В чем, несмотря на все эти точки соприкосновения с прошлым, Сен-Симон подготовляет будущее; на каком основании Мишле мог характеризовать его, верного ученика XVIII века, как самого смелого писателя XIX века – об этом легко догадаться, если обратить внимание на проблески в его сочинениях многочисленных идей, которые получат такое огромное значение, когда ими овладеют позитивизм и социализм.

Литтре, стараясь доказать оригинальность Конта, вполне справедливо замечает[611], что Сен-Симона нельзя считать основателем положительной философии, так как у него не было ни ясного представления о социологическом законе, ни твердого и устойчивого понятия о всеобщем применении научного метода. Разумеется, оригинальность Конта несомненна, и ум Сен-Симона не был так методичен, как ум Конта. Тем не менее весьма значительная часть взглядов, вошедших в положительную философию, уже находится у Сен-Симона, и последний вполне сознает их значение.
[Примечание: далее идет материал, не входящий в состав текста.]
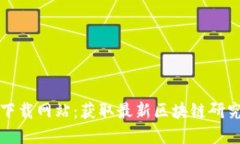 区块链最新答卷下载网站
Выше я приводил уже деление периодов и сочинений на критические и органические. Я не имею в виду приводить взгляды Сен-Симона на положительную эпоху[612] в пользу и против метафизики[613] и проч… Но как не отметить следующих указаний, которыми, как мы увидим, впоследствии воспользовался Конт: сходство в развитии индивидуума и общества; мысль, что конечную цель трудов философа составляет «наилучший способ социальной организации?»[614] Все эти частные мнения, будучи сближены между собою и координированы методическим и могучим умом Конта, примут у последнего вид системы; тем не менее ранее в изолированном виде и без связи друг с другом они встречаются у Сен-Симона.

Подготовляя позитивизм, Сен-Симон вместе с тем является настоящим родоначальником социалистической мысли нашего времени. Его роль в этом отношении превосходит даже роль Фурье и Прудона. Не то чтобы у Сен-Симона социализм имел вид законченной доктрины. Но не говоря уже о том, что он указал на организацию собственности как на кульминационный пункт всякой социальной организации и показал, что здесь именно должна быть произведена первая реформа, без которой немыслимы все остальные, он обратил также внимание выступивших после него социалистов на противоположность между трудом и капиталом[615] и даже формулировал эту противоположность как борьбу классов[616].

 

IV

 

Во имя какой же доктрины работал Сен-Симон? Во имя ли индивидуума и его права или во имя государства и его власти?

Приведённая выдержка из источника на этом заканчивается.